Their success story was driven by a change in the way people were interacting with their content, and this came roughly in the middle of the year. Where before most of these publishers’ engagements came to Facebook native content, and particularly video, this June there began to be a sharp rise in the number of engagements coming to their web content, to the point that this was the main focus of their engagement.
This was taking advantage of the family and friends portion of the algorithm change, creating content that people wanted to share with their networks on Facebook independently of whether or not Facebook Pages were sharing it, and that’s where their success came from.
Of course, going forward, these two publishers will be joined at the hip, so it will be interesting to see what’s to come for them in 2019.
4. The Washington Post for their Twitter game
What can a legacy newspaper do to make itself unique, and stand out from the others on social? Why, turbocharge their Twitter game, of course.
The Washington Post has been a surprise contender for best Twitter of 2019 this year. We’ve had coverage of a big cow (okay, a slightly bigger than average steer, we’re not trying to start a controversy here) in Australia, telling stories using only emoji, and more than anything, an awareness and willingness to utilize the memes that pop up on Twitter to tell the stories the paper is trying to tell, and help them reach a new audience.
This is a direction we’ve been moving in for a while, with publishers coming to realize that people use platforms differently, and that different strategies are appropriate for Twitter than Facebook, Instagram or LinkedIn. Twitter loves a meme, the weirder the better most of the time, and The Washington Post has grabbed that with both hands this year to create a Twitter feed that’s really given them a unique voice on the platform among their peers.
5. The Atlantic for their social media coverage
The Atlantic makes the list simply for their coverage of social media this year.
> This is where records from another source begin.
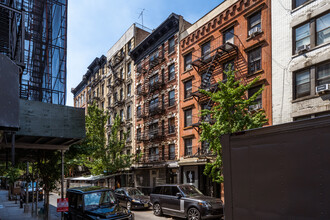 146 Sullivan St in New York, NY - Building Photo - Primary Photo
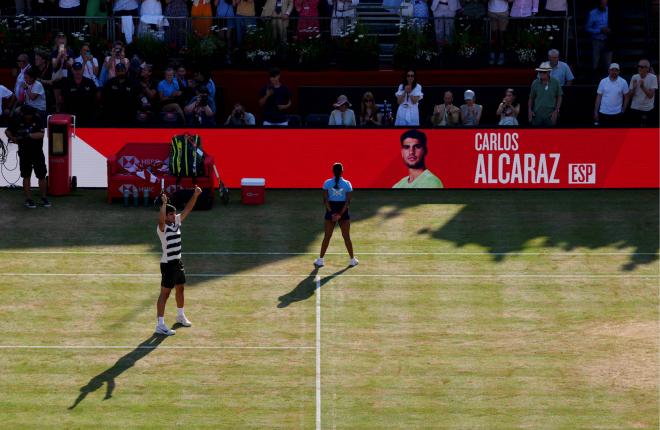 Carlos Alcaraz celebra su pase a semifinales de Queen's (Foto: CordonPress).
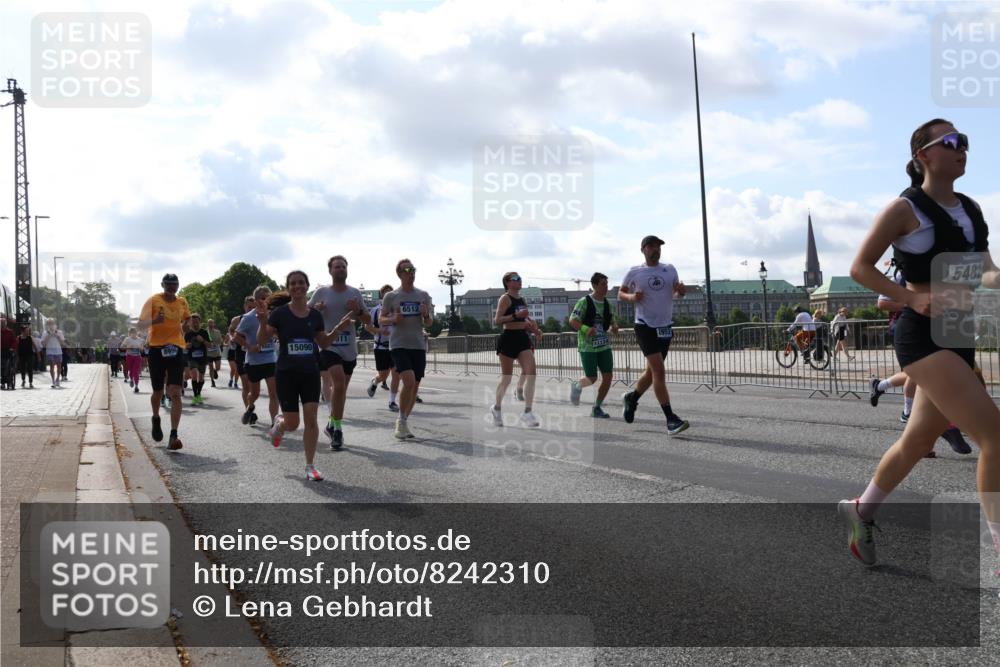 29.06.2025 - hella hamburg halbmarathon Lena Gebhardt http://msf.ph/oto/8242310 29.06.2025 09:56:26 Lombardsbrücke 1061, 1257, 1452, 1460, 1496, 1499, 1502, 1507, 1592, 1628, 1689, 1877, 2058, 2082, 2083, 2208, 2250, 2260, 2504, 2771, 2818, 2864, 2953, 2996, 3060, 3256, 3296, 4065, 4077, 4404, 4557, 4711, 4833, 5116, 5482, 5600, 5607, 5978, 6115, 6134, 6168, 6286, 6511, 6512, 6561, 6562, 7178, 7332, 7383, 7475, 7583, 7943, 8261, 8335, 8361, 8514, 8968, 8989, 8996, 9246, 9537, 9597, 9638, 10596 meine-sportfotos.de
After all, someone has to be the arbiter of this crazy online world we live in, and who better than a publication that has been around since the 19th century to keep us updated on what the kids are doing these days?
This coverage has largely been driven by Taylor Lorenz, who joined the publisher from The Daily Beast earlier this year.
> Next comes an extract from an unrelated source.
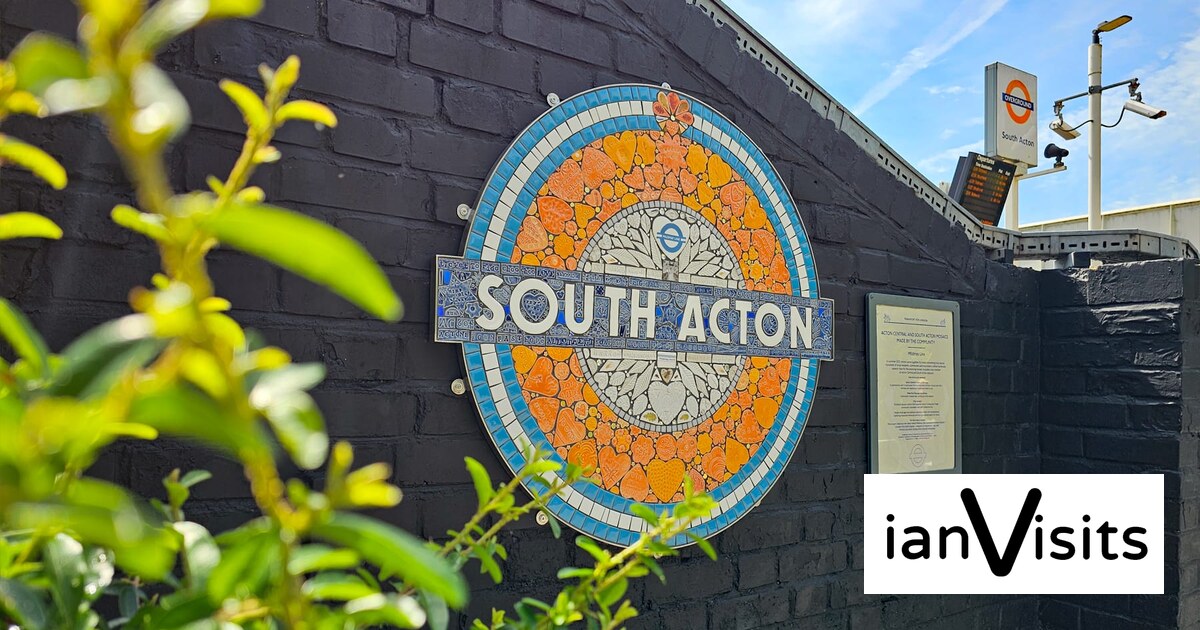 Only Fools and Horses tribute in new South Acton station roundel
This has ranged from coverage of the level of Jake Paul’s fame on YouTube, to teens debating the news on Instagram, to most recently, the rise of influencers pretending to be posting sponsored content so as to maybe in the future be given the chance to post real sponsored content because the fake sponsored content helped them to be taken more seriously. You follow?
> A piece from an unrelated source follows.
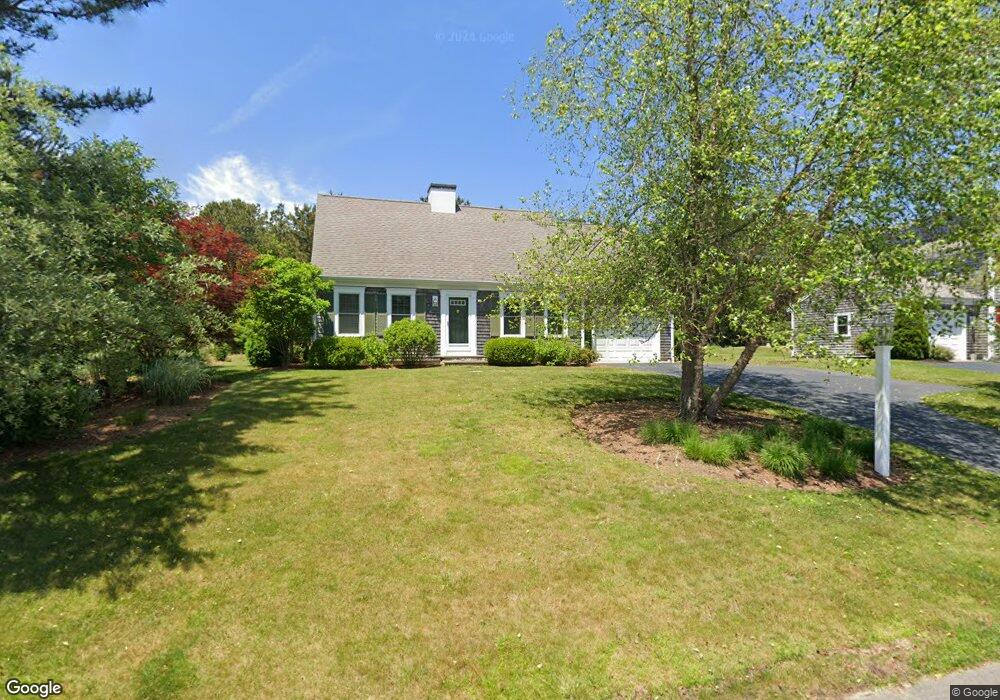 310 Pheasant Hill Cir, Cotuit, MA 2635 - photo 1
The reporting is vital to understanding the constantly evolving intricacies of the web, and especially what Gen Z is doing on it. That’s important, because they’re the next big thing after all.
6. The New York Times for their digital growth
Where CNN went, the New York Times was not far behind on social, consistently ranking in the top ten for most engaged web stories, and only consistently increasing throughout the year.
They’ve also grown their subscriber base massively, particularly on digital subscriptions, which have risen by as much as 20 percent year on year according to the latest reports.
The Gray Lady is very much online now.